*Input:*
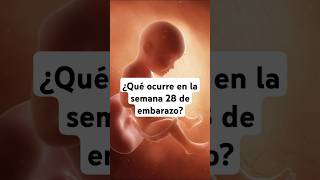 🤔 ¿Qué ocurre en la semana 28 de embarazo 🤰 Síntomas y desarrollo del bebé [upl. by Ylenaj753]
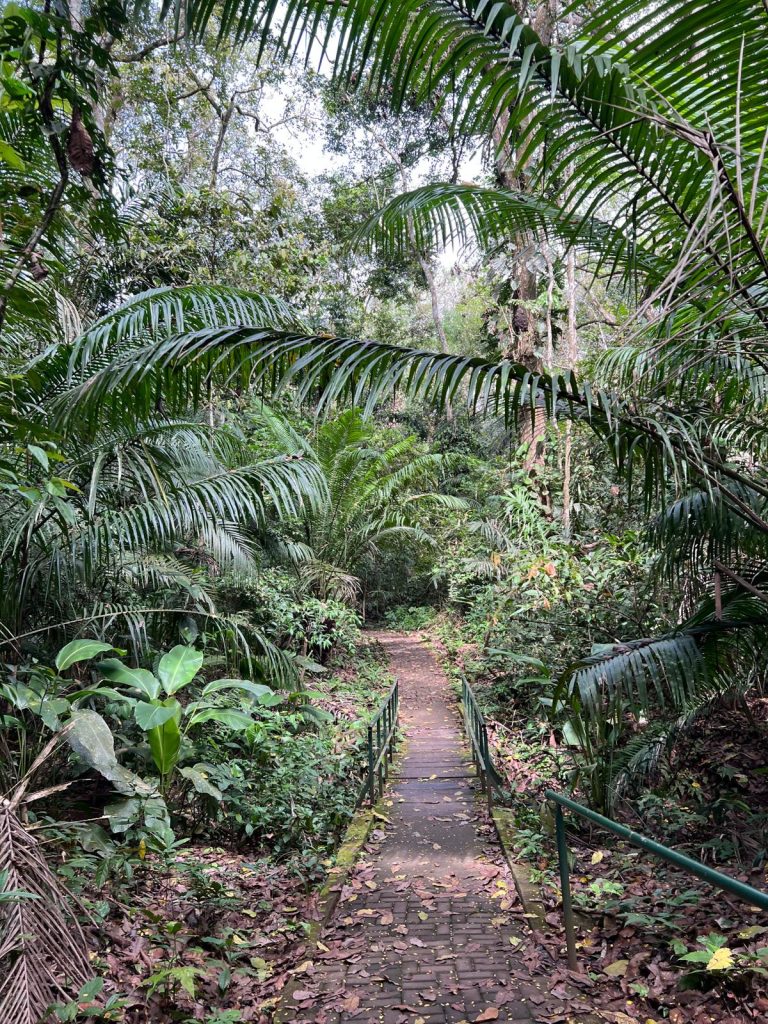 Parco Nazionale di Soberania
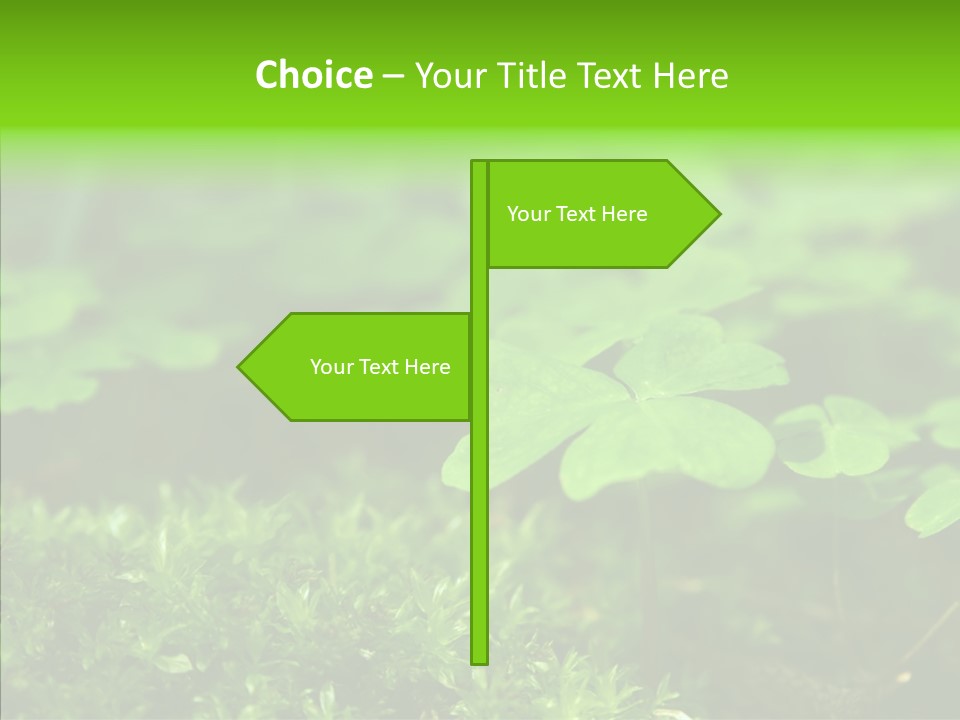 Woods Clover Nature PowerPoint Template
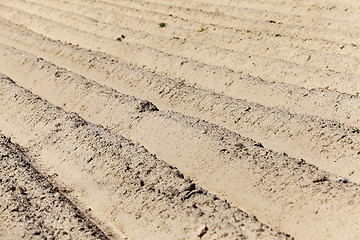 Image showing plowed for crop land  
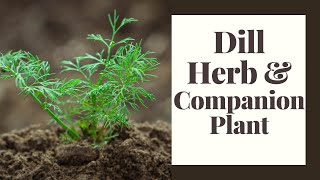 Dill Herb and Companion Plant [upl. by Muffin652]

* * *

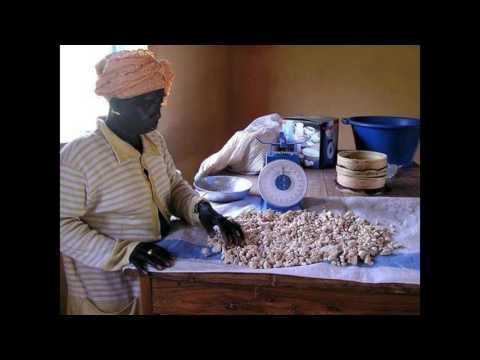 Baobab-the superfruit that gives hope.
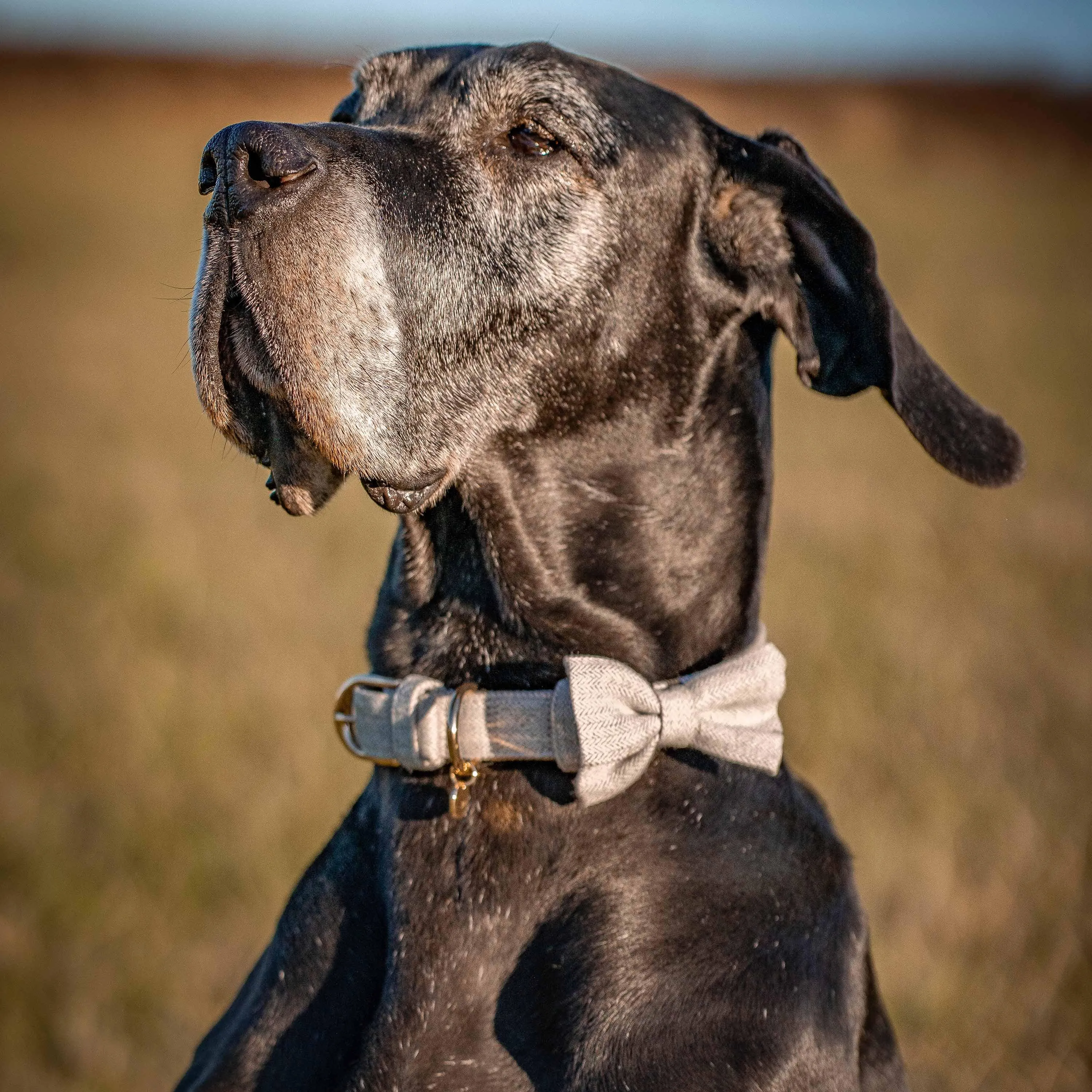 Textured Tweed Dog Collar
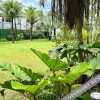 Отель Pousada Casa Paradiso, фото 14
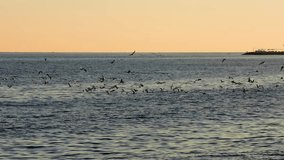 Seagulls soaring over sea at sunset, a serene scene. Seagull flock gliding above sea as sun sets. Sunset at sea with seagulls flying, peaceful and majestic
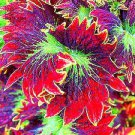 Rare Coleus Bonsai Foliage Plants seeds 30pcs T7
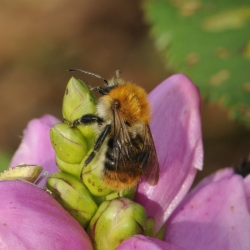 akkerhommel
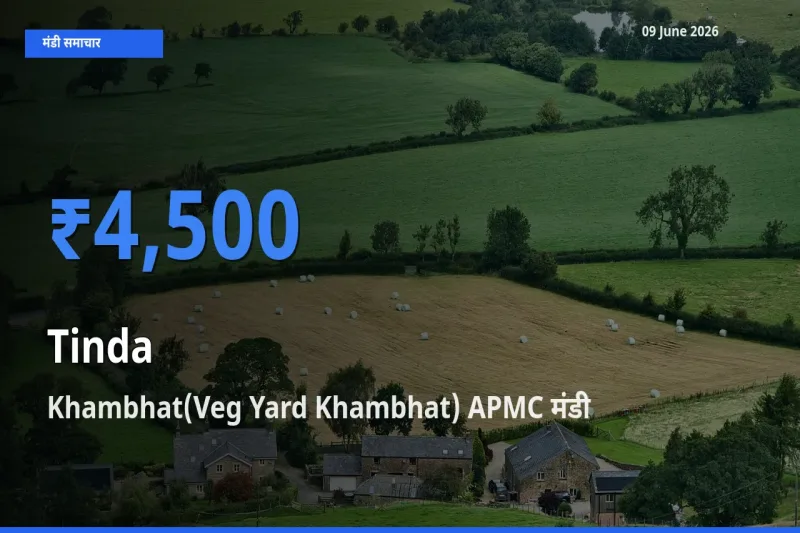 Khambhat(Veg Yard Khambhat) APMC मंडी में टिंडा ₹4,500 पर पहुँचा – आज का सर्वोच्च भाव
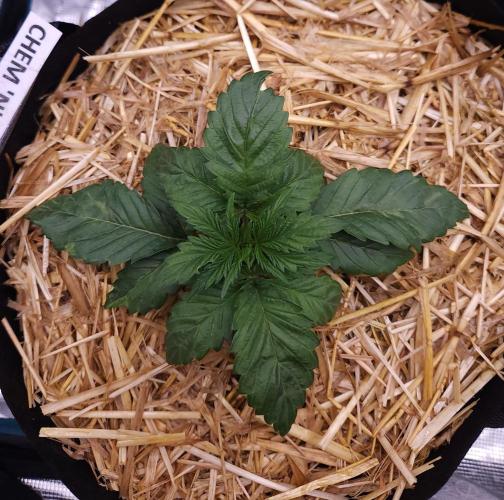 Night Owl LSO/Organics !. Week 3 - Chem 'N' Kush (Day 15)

==

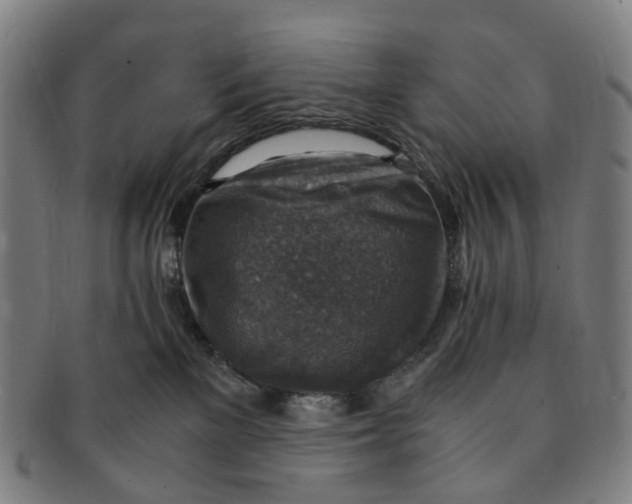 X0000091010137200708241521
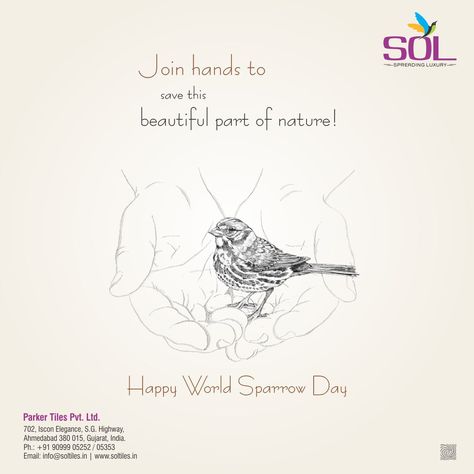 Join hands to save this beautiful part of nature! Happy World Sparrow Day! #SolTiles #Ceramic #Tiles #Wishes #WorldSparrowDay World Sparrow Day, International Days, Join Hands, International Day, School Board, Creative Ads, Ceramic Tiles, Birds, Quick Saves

*Activity:* After locating the line containing "Woods Clover Nature PowerPoint Template" in the entries above, return it and every line after it exactly, ending at the line containing "Dill Herb and", without pictures.

*Answer space:*
 Woods Clover Nature PowerPoint Template
 Image showing plowed for crop land  
 Dill Herb and Companion Plant [upl. by Muffin652]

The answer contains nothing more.